Adaptation · Assessment · Community resilience · Vulnerability

Highlights

  • Resilience assessment supports climate change adaptation using existing resources
  • Factors limiting overall resilience are mostly dependent on context
  • Limited resources and plan implementation commonly drove poor resilience outcomes
  • Central Vietnam reported higher community resilience than Cambodia
  • Links between climate change and development outcomes are often misunderstood

1. Introduction

Climate change adaptation in Asia is particularly complex owing to interactions of geography, income, capacity and population change. The overwhelming majority of the population rely on subsistence agriculture, making them particularly vulnerable to both climate variability and change. For example, 80% of Cambodians depend on subsistence agriculture (mostly rice and fish) (Thomas et al. 2013). Forecast rice yield losses of 5% predicted by 2020 in Cambodia, combined with few opportunities for livelihood diversification, means that communities may experience severe and recurrent food shortages and debt if adaptation planning is not effective (Nuorteva et al. 2010, Sovacool et al. 2012).

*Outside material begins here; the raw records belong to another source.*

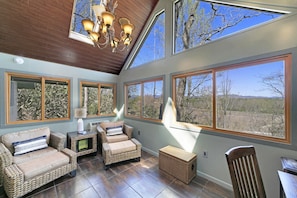 Sun Room with Desk and Mountain/River View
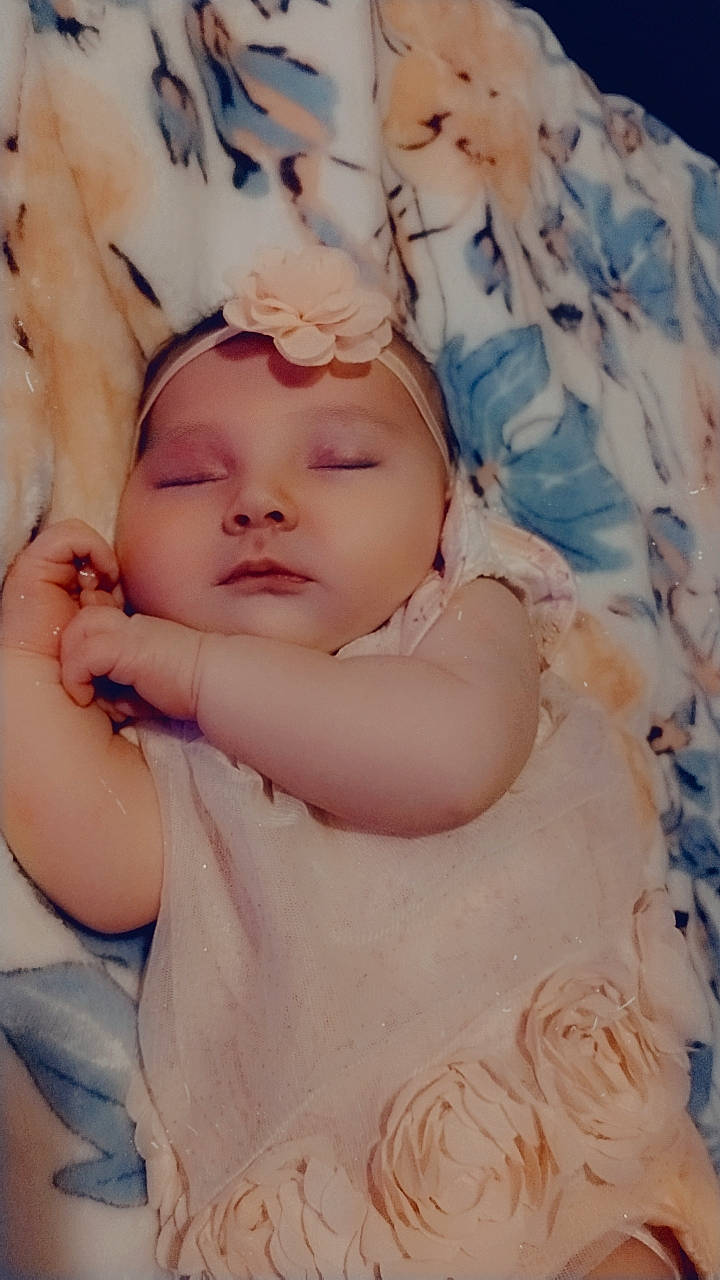 Serenity is registered to the contest to win money with this photo: abdomen, baby, baby_sleeping, baby_toddler_clothing, cheek, chest, child, comfort, eyelash, gesture, happy, iris, linens, lip, pattern, peach, person, pink, portrait_photography, skin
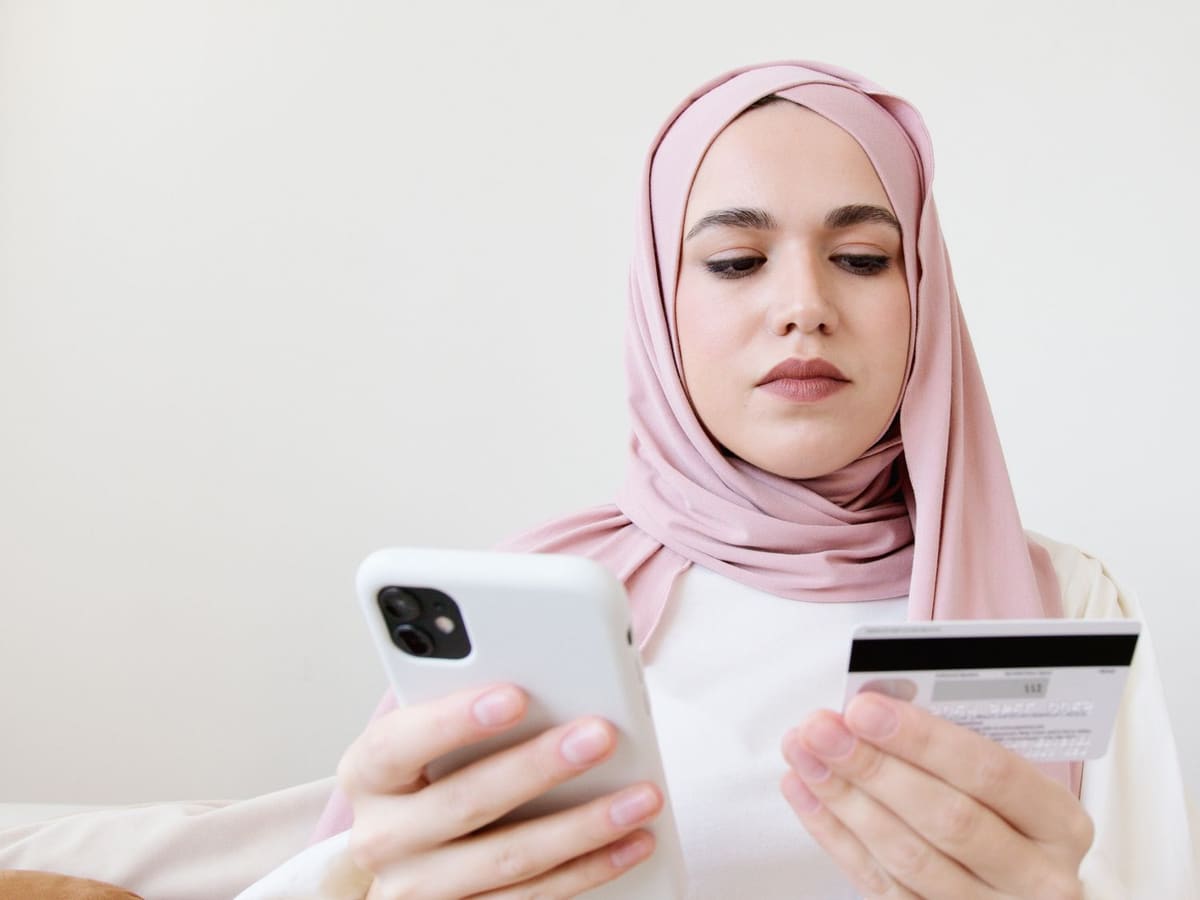 A woman in a pink headscarf, phone in one hand and a bank card in the other.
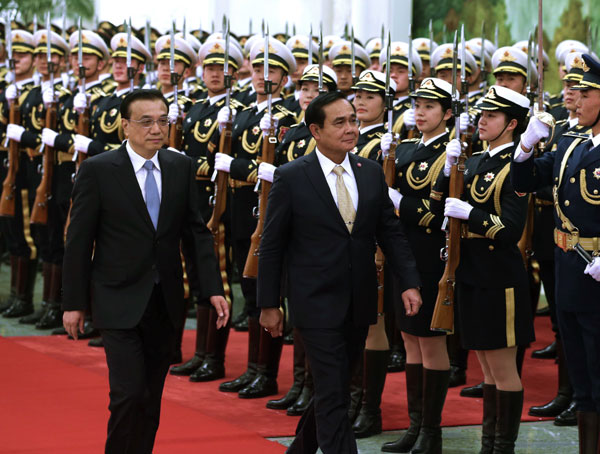 Premier Li Keqiang and Thai Prime Minister Prayut Chan-o-cha inspect a guard of honor during a welcoming ceremony in Beijing on Monday. The two countries signed four deals to carry economic ties forward. WU ZHIYI/CHINA DAILY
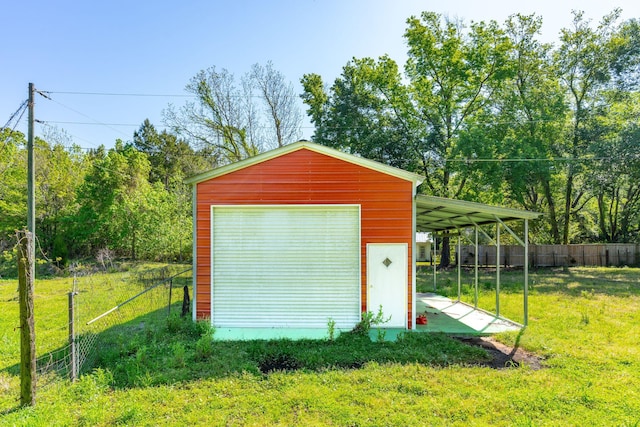 garage with a carport and a yard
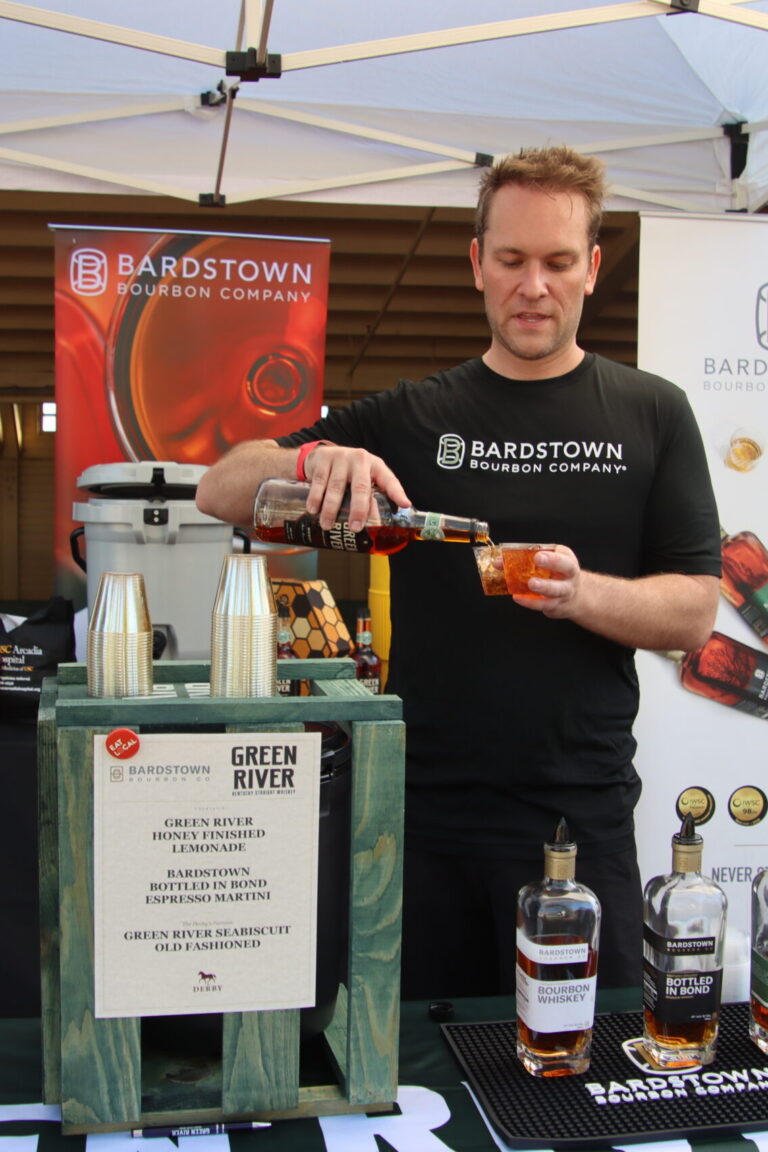 a man pouring a cocktail at a booth for Bardstown at Taste of Arcadia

Community vulnerability to climate change can be minimized through adaptation planning that builds on inherent community-based sources of resilience (Adger et al. 2011). Understanding such resilience is especially important in remoter areas where communities are largely self-reliant yet may or may not have developed high degrees of adaptability to climate-driven change (Nunn et al. 2014); an additional consideration is a degree to which such communities retain their levels of traditional coping in the face of encroaching globalization. Vulnerability comprises a community’s exposure to risk and their sensitivity to impacts arising from risks (Adger et al. 2011). Community resilience is broader than vulnerability, including consideration of a community’s assets and the dynamics by which they are able to and are limited in mobilizing those assets to address risk. Thus, it pays greater attention to governance and social dynamics that affect a community’s development trajectory (Magis 2010). Understanding each community’s assets and how they can be mobilised are critical in addressing the climate change-development nexus in comparatively poor rural communities (Friend and Moench 2013, Adger et al. 2011, Adger et al. 2013) yet this understanding is limited in the Asia-Pacific region and merits further investigation (Friend et al. 2014, Nuorteva et al. 2010). Some communities and practitioners (such as those we work with) feel that some current tools for assessing vulnerability (including measuring resilience) to climate change are narrow in focus and as such, are not easily integrated into multi-sectoral development planning.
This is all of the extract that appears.